**Exercise objective**
In the records below, find the line with "65W Charger for" and repeat exactly every line from it through the line with "Renekton - Rage Fueled". Pictures stay out.
--- Records shown Enclosed Below ---
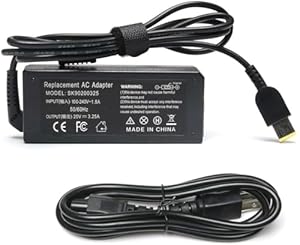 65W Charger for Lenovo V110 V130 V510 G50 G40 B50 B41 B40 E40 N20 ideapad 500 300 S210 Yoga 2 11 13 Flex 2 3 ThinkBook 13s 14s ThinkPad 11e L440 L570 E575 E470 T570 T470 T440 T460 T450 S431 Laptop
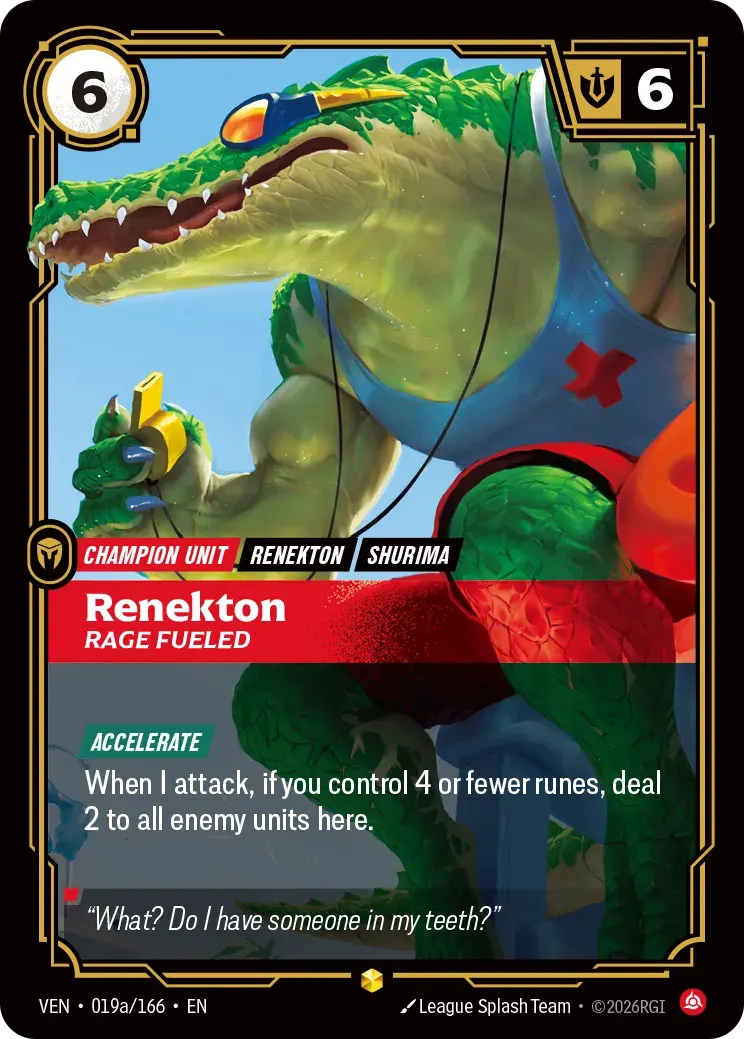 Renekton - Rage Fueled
--- End of Enclosed Records shown ---
--- Records shown Enclosed Below ---
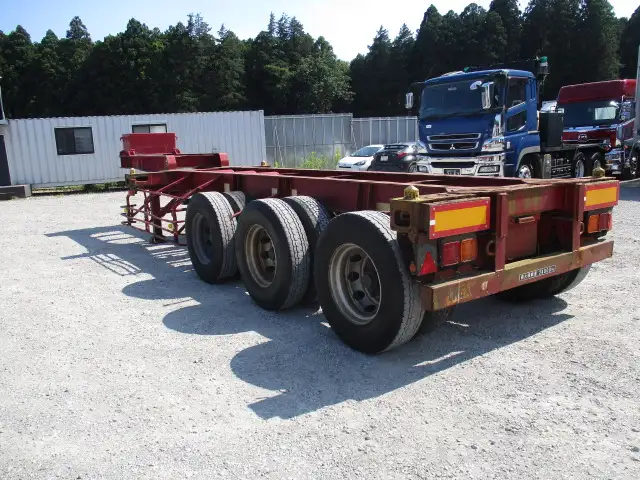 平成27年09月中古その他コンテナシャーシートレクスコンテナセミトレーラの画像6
--- End of Enclosed Records shown ---
**Expected answer**
 65W Charger for Lenovo V110 V130 V510 G50 G40 B50 B41 B40 E40 N20 ideapad 500 300 S210 Yoga 2 11 13 Flex 2 3 ThinkBook 13s 14s ThinkPad 11e L440 L570 E575 E470 T570 T470 T440 T460 T450 S431 Laptop
 Renekton - Rage Fueled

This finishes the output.